(Available data)
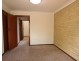 5/15 Deb Street, Taree NSW 2430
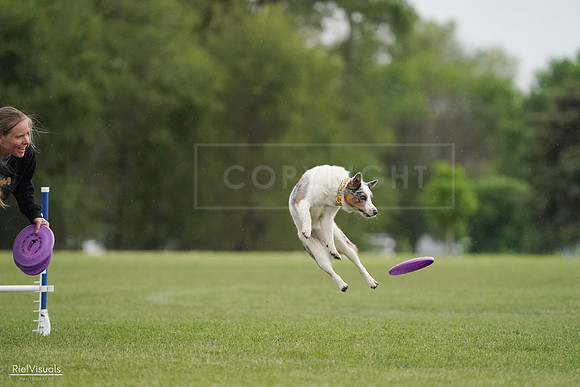 RielVisuals_20240526_092820_SJR00119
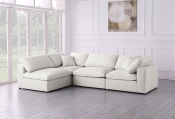 602Cream-Sec4B alternate view 2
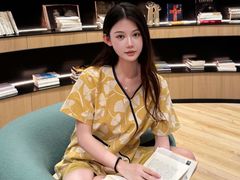 -涨巢·潮玩水疗局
(End Available data)
■ What you need to do ■
Could you retype every line above exactly as it appears, skipping the pictures?

■ Result of the exercise ■
 5/15 Deb Street, Taree NSW 2430
 RielVisuals_20240526_092820_SJR00119
 602Cream-Sec4B alternate view 2
 -涨巢·潮玩水疗局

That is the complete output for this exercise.